* _WORK TO COMPLETE_: Pictures aside, copy exactly the lines running from the one with "2 Cars - Lionel" to the end of the records.

[Brief descriptive captions]
★ ★ ★
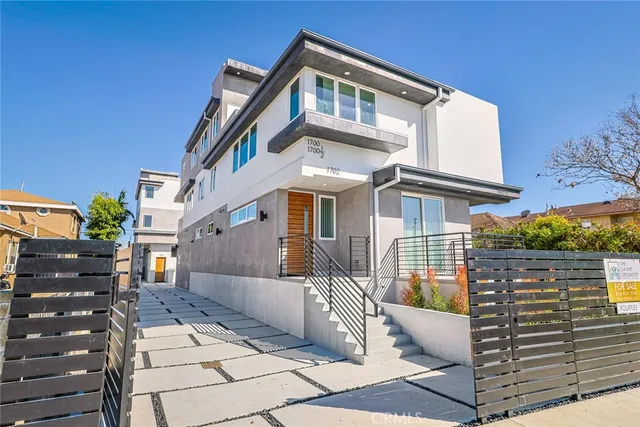 a view of house with a outdoor space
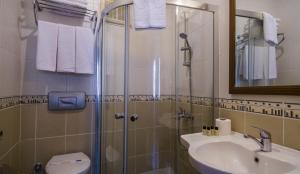 Koupelna v ubytování Karbel Hotel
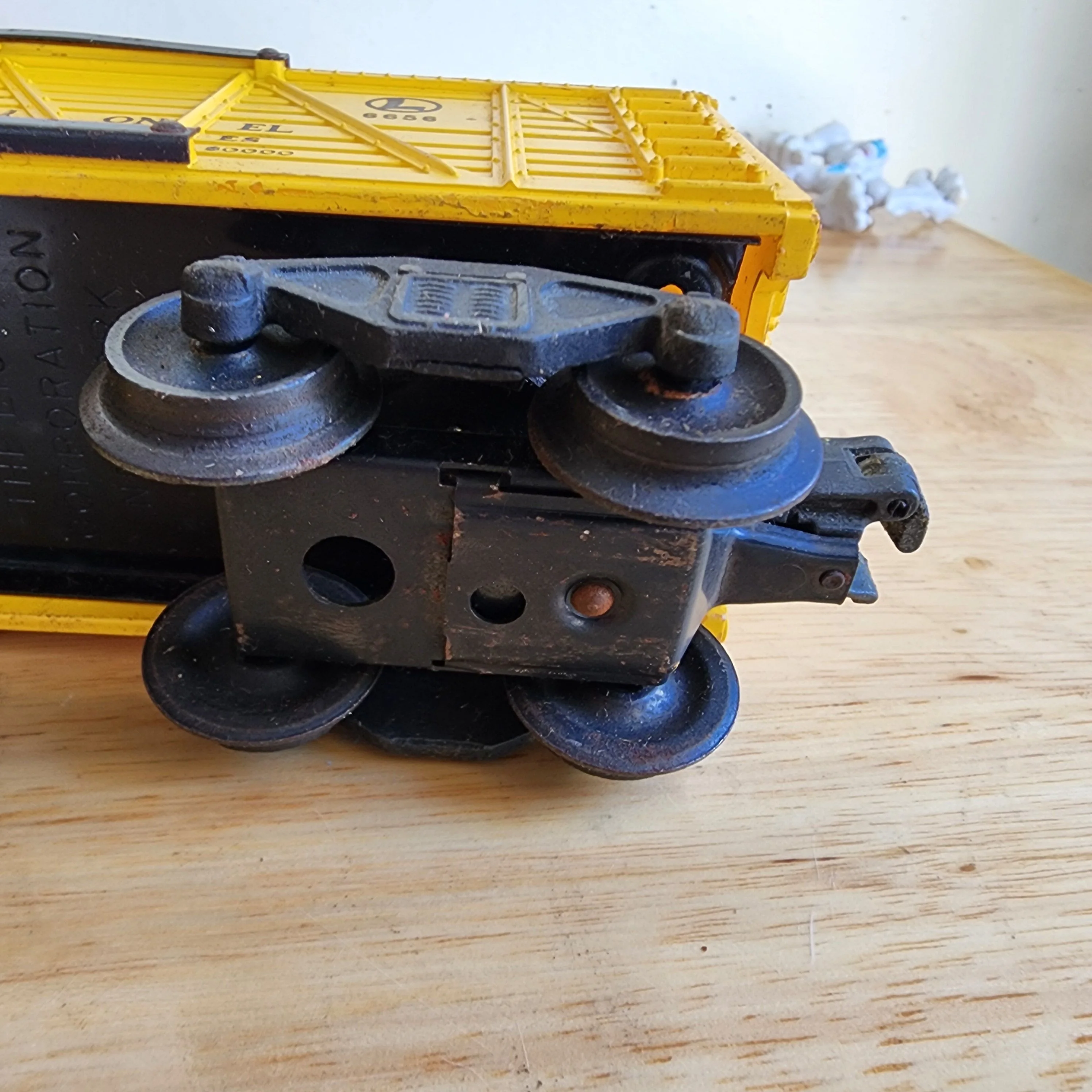 2 Cars - Lionel Union Pacific Derrick / Crane Car 6-9235 & Lionel 6656 Stock Car — photo 12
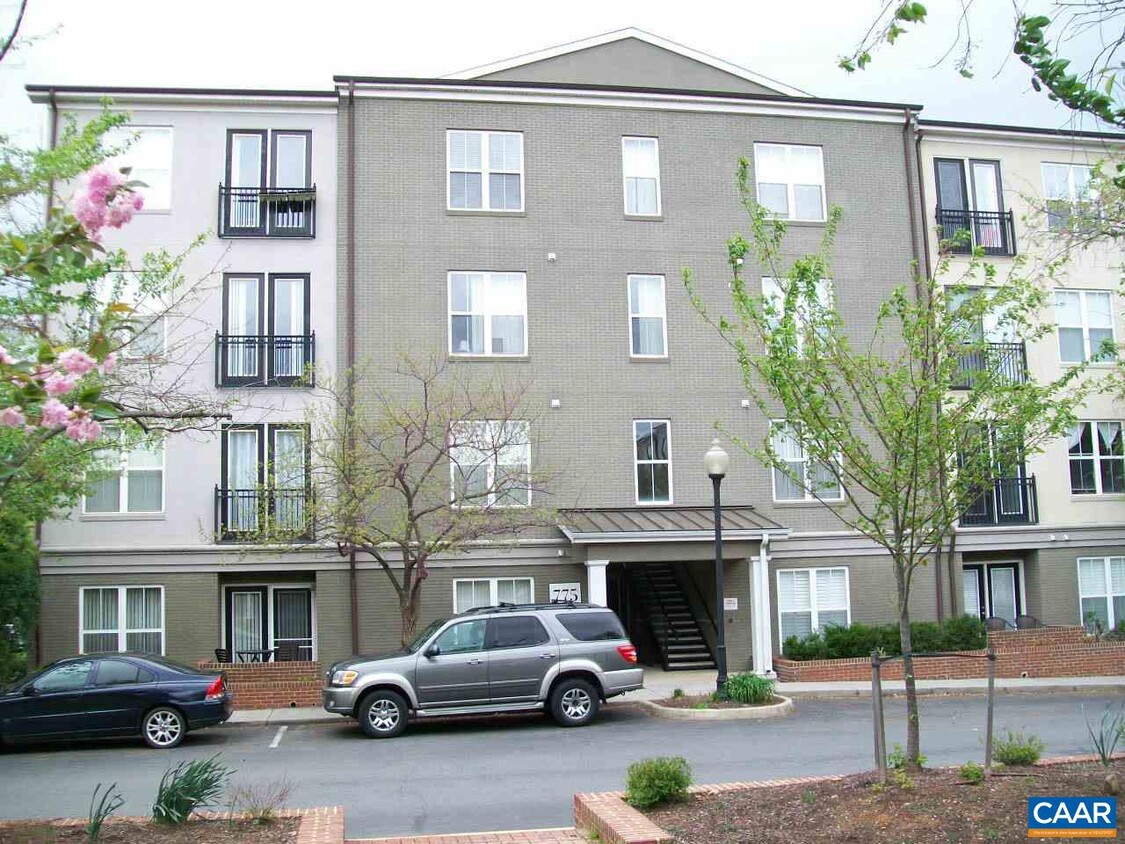 Primary Photo - 735 Walker Square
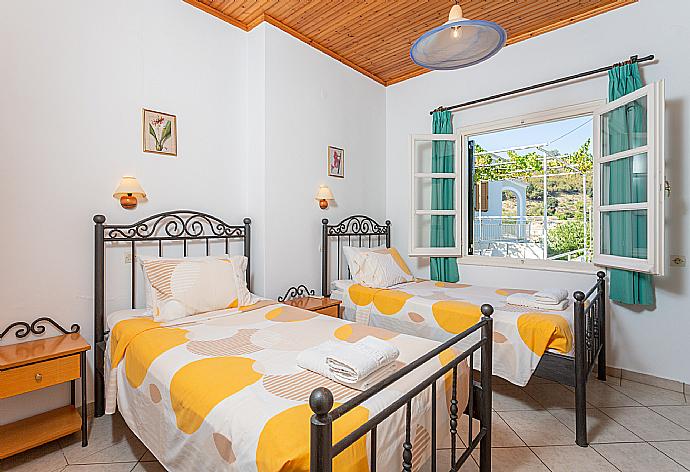 Twin bedroom with A/C, and terrace access with sea views . - Alexandra . (Galerie de photos) }}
★ ★ ★
* _RESPONSE BOX_:
 2 Cars - Lionel Union Pacific Derrick / Crane Car 6-9235 & Lionel 6656 Stock Car — photo 12
 Primary Photo - 735 Walker Square
 Twin bedroom with A/C, and terrace access with sea views . - Alexandra . (Galerie de photos) }}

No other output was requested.